Нефертити. «Книга мертвых» | страница 10
— А вы сами по каким делам в Ахетатон?
— Я руковожу придворным оркестром и танцорами. Эта должность обеспечивает высокое положение, и, думаю, за нее велась серьезная борьба. Я буду ставить торжественное действо ко дню освящения города. Вам известно, что в придворном оркестре одни женщины?
— Вы хотите сказать, сударь, что женщины менее способны в области танцев и музыки, чем мужчины?

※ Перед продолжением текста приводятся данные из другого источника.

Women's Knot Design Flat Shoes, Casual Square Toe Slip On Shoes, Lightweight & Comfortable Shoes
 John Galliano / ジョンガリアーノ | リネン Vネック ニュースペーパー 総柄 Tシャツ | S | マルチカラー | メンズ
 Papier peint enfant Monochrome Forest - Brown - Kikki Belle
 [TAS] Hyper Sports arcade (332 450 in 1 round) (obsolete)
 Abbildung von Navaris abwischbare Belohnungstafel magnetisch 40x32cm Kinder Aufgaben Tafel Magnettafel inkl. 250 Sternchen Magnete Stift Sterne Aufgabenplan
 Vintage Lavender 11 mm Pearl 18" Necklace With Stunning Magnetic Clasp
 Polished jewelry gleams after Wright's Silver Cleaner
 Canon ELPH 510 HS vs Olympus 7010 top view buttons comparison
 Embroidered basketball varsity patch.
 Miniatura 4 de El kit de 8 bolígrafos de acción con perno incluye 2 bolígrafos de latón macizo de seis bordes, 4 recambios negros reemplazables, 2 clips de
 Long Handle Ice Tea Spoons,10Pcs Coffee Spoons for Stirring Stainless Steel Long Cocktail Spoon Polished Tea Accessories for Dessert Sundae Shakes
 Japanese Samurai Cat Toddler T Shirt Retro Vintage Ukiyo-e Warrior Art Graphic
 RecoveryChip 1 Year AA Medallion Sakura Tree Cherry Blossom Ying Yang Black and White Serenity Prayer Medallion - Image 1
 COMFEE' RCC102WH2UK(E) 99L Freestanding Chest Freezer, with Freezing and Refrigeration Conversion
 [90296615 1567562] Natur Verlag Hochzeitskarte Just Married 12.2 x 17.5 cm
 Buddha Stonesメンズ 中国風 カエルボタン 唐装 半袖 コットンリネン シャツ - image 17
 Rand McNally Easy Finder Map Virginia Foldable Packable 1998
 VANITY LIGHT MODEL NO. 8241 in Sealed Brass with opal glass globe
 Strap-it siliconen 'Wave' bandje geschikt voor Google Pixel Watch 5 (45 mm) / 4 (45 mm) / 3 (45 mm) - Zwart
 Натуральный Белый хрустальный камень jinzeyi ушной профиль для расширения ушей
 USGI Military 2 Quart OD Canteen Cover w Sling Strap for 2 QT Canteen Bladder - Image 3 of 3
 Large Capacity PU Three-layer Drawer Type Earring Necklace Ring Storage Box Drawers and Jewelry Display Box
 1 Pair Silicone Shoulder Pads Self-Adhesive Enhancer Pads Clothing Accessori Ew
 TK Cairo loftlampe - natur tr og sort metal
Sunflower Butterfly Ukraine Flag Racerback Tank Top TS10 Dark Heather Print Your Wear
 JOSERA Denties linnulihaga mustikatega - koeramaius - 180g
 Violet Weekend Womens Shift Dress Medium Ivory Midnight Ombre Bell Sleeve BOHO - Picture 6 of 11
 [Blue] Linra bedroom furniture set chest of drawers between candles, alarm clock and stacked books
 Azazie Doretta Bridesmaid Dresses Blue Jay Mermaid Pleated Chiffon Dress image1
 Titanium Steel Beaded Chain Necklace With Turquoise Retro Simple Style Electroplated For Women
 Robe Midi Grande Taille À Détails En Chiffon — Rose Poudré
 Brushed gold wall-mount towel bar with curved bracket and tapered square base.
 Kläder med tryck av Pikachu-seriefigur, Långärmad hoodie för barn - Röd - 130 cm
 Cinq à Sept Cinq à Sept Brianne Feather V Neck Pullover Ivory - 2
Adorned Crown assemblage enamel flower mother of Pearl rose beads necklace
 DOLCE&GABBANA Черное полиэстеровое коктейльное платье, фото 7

Красивая, умного вида женщина подала голос с другого конца стола. Ее муж, мужчина средних лет с внешностью прирожденного бюрократа, ростом ниже жены и весь какой-то мелкий, посмотрел на нее, словно предостерегая: здесь не место говорить об этом. Но она спокойно смотрела на Большую Белую Луну.
Тот фыркнул и заявил:
— Танцы всегда будут женским искусством. Но музыка предъявляет высокие требования к технической и духовной стороне дела. Я говорю не о внешнем украшательстве, но о глубокой душе.
Он извлек креветку из розового панциря и отправил в свой разборчивый и тщеславный рот.
— Ясно. И наша царица Нефертити украшение? Или же она имеет глубокую душу?
Женщина улыбнулась мне, приглашая разделить ее веселую насмешку.
— Мы слишком мало о ней знаем, — ответил толстяк.
— О нет, уважаемый, — возразила женщина. — Мы знаем, что она красавица. Знаем, что она умна. И знаем, что она самая могущественная из живущих ныне женщин. Она сама правит своей колесницей и укладывает волосы по собственному желанию, а не как диктует традиция. Она, подобно фараону, уничтожает своих врагов. И никто не указывает ей, что делать. По сути, она — воплощение современной женщины.
За столом воцарилось недолгое молчание. Наконец Луноголовый сказал:
— Действительно, и очень даже может быть именно поэтому мы оказались в мире, который меняется быстрее, чем всем нам, вероятно, хотелось бы.
Разговор становился все острее; ставки в игре повышались. Красавица нанесла встречный удар.
— Значит, вы не одобряете новую религию?
Об этом предмете в компании незнакомых людей легкомысленно не поговоришь. Луноголовый так и передернулся от неловкости и неуверенности, разрываясь между желанием высказаться откровенно и страхом за свое будущее.
— Я одобряю ее всем сердцем. Разумеется, одобряю. Я всего лишь музыкант. Задавать вопросы не мое дело, я просто выполняю то, что от меня требуется, и добиваюсь как можно более стройного звучания. Я только спрашиваю себя наедине — и в этом я не одинок, — смогут ли наш Владыка и его супруга, та, которой никто не указывает, что делать, прожевать откушенный ими кусок.